Requirement.
After finding the line with "Sexy Cargo Pockets" in the entries below, retype exactly each line from there through the line with "Neonově růžová plyšová", including that final line.

-- -- --

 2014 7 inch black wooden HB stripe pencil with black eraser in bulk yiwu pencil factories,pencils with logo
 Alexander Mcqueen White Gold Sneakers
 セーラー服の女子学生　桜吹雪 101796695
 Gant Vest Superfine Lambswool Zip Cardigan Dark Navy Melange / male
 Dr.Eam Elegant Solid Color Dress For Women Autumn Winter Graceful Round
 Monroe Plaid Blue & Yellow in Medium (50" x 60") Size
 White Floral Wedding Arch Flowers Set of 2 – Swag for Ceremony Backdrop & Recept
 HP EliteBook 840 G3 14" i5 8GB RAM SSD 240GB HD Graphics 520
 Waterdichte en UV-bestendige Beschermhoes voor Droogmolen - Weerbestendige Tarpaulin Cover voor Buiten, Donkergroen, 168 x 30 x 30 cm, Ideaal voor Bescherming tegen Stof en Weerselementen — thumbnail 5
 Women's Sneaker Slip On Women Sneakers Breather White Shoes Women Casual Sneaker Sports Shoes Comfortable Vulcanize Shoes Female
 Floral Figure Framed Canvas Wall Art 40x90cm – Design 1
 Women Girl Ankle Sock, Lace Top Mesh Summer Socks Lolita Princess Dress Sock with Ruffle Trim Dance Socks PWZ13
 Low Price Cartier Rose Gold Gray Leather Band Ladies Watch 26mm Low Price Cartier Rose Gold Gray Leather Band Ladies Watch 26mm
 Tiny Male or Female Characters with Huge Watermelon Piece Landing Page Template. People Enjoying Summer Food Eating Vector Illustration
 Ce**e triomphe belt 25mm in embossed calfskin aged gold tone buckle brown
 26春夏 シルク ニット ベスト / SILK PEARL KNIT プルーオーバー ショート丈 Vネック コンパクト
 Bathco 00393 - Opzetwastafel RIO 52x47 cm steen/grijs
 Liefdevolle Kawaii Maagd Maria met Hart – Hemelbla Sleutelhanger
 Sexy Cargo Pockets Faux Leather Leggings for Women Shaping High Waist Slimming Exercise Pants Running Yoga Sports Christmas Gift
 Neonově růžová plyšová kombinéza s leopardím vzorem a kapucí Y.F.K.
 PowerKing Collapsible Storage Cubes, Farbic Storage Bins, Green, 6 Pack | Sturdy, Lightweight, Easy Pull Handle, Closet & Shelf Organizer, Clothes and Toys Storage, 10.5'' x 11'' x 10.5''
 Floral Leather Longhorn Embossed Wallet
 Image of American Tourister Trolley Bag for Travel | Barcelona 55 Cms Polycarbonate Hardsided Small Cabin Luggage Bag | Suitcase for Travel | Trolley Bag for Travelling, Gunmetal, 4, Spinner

-- -- --

Exercise response.
 Sexy Cargo Pockets Faux Leather Leggings for Women Shaping High Waist Slimming Exercise Pants Running Yoga Sports Christmas Gift
 Neonově růžová plyšová kombinéza s leopardím vzorem a kapucí Y.F.K.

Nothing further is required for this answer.